▸ HOW TO COMPLETE THIS TASK
Skip the pictures. Output only the lines below starting at the line with "koala vector design" and ending at the line with "Wedding Guest Dress Blue thumbnail 2", both ends included, exactly as they are.

▸ GIVEN DATA
---*---

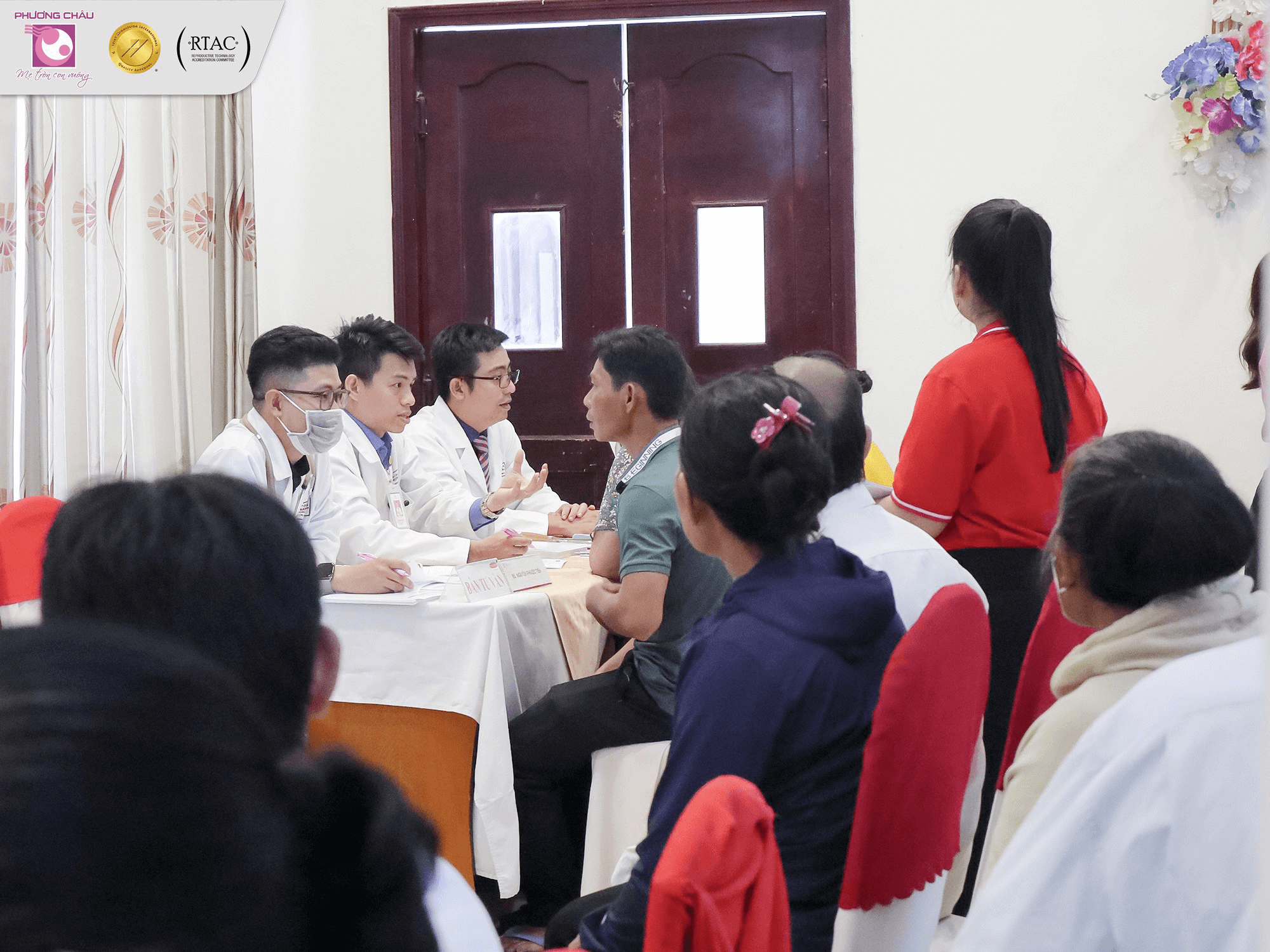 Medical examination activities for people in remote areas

---*---

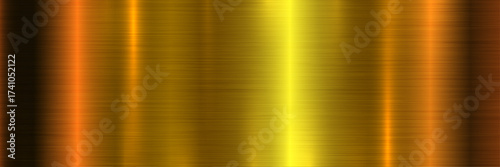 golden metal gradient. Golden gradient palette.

---*---

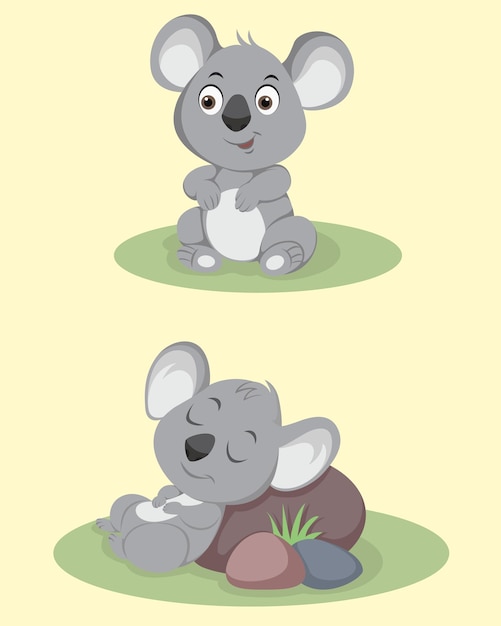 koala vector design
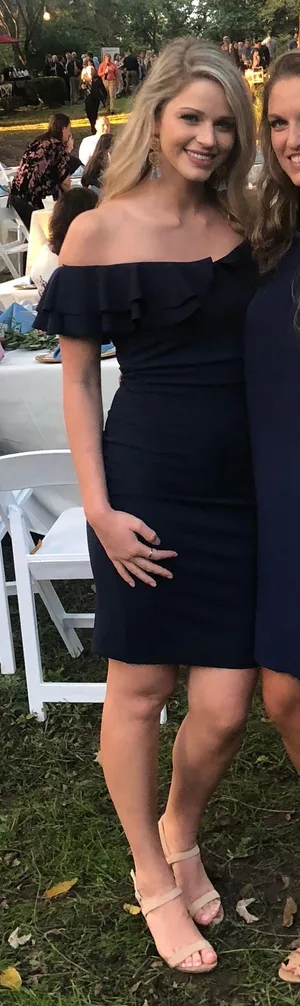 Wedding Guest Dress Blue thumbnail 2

---*---

▸ RESPONSE BOX
 koala vector design
 Wedding Guest Dress Blue thumbnail 2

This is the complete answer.